Auf meiner Wunschliste ist jetzt noch ein kleiner check ob die gefundene datei ein link ist. Wenn das nen link ist, dann sollte der neu anzulegende link nicht auf den gefundenen, sondern auf sein ziel zeigen. Wenn der link ungültig ist, soll weitergesucht werden.

@equinox0r

kannst du auch mal deine version abgleichen und posten? Denn ich denke da is was unterschiedlich... (hab ich anhand deiner ausgaben gesehen)

----------

## equinox0r

soooo.. schaust du mal hier  :Smile: 

mein vollständiges komplettes aktuelles dist_overlay mit check_mount  :Smile: 

EDIT: code ist richtig und funzt, bla  :Smile: 

EDIT #2: volltrunkenerweise noch nen bug entdeckt und gefixed *hrhr* (3:13 uhr mez)

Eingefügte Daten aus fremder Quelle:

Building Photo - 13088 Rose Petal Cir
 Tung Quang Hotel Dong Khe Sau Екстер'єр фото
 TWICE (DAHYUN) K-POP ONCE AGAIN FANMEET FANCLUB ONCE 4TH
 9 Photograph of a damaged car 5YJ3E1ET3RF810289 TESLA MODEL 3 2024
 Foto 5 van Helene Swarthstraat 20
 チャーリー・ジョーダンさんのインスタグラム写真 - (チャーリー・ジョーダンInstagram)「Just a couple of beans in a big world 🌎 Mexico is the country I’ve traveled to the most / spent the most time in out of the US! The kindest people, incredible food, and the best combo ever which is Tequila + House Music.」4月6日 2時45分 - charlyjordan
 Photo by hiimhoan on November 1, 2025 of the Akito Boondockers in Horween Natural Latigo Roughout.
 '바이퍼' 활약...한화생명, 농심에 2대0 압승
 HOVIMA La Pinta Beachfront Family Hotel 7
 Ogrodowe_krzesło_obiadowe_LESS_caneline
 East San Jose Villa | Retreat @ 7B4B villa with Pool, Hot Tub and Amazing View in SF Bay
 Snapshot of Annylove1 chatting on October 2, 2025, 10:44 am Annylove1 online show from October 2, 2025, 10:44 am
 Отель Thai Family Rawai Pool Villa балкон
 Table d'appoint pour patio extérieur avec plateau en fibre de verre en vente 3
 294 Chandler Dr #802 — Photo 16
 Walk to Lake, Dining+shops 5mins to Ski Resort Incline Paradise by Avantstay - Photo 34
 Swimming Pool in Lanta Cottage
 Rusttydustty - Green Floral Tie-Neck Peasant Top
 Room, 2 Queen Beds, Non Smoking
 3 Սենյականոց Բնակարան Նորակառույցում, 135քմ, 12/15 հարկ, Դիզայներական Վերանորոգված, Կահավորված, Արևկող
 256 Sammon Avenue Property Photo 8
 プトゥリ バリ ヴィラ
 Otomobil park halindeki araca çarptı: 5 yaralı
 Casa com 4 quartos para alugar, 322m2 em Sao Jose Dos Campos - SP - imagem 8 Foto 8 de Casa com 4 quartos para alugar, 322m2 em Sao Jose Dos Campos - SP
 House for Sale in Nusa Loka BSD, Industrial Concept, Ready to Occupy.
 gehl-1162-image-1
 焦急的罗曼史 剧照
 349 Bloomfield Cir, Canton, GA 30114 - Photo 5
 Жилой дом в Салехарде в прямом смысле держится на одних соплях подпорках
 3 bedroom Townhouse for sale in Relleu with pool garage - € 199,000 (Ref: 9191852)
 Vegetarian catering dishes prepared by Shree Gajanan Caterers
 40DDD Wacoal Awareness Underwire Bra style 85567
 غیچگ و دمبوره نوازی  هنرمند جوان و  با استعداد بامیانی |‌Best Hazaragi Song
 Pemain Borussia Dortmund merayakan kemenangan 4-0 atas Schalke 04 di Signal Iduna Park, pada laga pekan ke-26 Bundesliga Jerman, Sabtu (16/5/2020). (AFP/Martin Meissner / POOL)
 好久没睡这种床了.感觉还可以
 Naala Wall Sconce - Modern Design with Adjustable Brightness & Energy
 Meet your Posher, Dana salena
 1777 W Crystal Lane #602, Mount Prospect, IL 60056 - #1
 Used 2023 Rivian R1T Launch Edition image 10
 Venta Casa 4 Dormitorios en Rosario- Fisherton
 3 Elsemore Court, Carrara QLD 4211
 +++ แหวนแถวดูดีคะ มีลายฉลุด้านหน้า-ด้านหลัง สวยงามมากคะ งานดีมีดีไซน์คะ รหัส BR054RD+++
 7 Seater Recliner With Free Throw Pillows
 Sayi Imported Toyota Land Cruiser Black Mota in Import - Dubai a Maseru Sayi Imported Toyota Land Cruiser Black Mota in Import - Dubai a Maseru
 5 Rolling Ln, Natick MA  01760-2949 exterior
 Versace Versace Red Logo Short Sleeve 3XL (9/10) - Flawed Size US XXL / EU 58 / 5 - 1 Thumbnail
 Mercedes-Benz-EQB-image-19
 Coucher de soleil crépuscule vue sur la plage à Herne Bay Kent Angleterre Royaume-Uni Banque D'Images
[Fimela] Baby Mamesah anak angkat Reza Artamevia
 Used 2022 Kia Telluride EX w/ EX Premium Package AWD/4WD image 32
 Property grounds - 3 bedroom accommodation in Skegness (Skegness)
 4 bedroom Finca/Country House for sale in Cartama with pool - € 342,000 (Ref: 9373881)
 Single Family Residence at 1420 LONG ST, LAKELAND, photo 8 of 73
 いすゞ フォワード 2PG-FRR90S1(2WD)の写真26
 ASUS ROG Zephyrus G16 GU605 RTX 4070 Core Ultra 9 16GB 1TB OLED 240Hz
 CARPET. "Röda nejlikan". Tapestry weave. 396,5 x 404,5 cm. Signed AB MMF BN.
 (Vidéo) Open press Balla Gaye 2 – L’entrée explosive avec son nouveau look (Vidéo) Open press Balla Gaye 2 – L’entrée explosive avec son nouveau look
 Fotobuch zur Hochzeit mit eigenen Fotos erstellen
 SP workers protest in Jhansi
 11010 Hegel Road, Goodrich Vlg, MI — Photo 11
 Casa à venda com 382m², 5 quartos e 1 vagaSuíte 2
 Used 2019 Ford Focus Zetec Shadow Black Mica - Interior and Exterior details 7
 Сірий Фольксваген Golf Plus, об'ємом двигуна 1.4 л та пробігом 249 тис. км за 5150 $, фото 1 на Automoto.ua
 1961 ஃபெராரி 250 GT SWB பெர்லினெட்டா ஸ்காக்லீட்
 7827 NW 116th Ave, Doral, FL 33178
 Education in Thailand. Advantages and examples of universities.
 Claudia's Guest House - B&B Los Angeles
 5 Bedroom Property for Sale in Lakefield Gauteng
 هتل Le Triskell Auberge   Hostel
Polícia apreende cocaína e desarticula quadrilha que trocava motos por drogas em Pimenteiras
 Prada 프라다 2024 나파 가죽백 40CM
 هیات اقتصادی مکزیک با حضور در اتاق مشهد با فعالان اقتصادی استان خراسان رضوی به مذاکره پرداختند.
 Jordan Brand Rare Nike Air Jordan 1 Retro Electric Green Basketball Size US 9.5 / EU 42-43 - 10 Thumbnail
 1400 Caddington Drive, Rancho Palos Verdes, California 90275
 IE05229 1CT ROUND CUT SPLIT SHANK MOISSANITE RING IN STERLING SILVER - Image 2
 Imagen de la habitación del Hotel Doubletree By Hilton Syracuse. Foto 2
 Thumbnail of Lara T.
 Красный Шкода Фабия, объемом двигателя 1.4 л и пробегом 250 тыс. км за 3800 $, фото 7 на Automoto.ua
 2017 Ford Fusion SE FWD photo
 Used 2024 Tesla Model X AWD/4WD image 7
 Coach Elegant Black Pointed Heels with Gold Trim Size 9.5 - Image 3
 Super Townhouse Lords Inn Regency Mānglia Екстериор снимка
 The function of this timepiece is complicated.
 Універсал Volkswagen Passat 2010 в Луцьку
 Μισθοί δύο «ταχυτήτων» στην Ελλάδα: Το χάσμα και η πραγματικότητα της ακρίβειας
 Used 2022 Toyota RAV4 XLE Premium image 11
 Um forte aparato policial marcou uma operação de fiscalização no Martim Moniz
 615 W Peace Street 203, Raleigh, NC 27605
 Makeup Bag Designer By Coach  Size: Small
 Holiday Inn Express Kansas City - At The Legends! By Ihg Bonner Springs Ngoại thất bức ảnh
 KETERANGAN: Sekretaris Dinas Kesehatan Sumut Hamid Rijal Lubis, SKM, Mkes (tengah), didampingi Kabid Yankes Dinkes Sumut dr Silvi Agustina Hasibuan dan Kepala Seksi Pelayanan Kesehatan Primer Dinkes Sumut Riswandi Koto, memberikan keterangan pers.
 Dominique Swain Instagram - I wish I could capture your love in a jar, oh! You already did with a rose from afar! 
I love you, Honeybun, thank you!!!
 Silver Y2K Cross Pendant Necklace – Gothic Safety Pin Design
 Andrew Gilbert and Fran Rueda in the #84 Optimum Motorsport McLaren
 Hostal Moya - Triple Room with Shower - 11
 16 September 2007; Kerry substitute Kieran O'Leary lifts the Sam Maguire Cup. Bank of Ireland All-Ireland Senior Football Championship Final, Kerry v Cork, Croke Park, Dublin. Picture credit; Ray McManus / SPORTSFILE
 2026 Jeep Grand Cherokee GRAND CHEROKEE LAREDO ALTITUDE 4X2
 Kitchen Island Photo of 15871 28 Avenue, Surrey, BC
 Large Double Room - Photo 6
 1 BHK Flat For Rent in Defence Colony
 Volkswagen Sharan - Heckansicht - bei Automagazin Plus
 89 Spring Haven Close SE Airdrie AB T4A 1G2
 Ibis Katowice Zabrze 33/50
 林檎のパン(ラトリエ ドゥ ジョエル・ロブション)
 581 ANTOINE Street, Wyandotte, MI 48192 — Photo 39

buggy: fstab_out=`cat /etc/fstab | awk '{print $2}' | grep -v "^#" | grep -v "^/$"`

fix: fstab_out=`cat /etc/fstab | grep -v "^#" | awk '{print $2}' | grep -v "^/$"`

EDIT #3 (Mo Sep 20 22:04:55 CEST 2004) neue version online (0.3)

----------

## sarahb523

he das sieht ja richtig toll aus. Kannst du DIST_COPY="0" mal durch  DIST_COPY=false (und die entsprechende if zeile)  ändern? Ich hatte das in meiner vorigen Version schon getan. 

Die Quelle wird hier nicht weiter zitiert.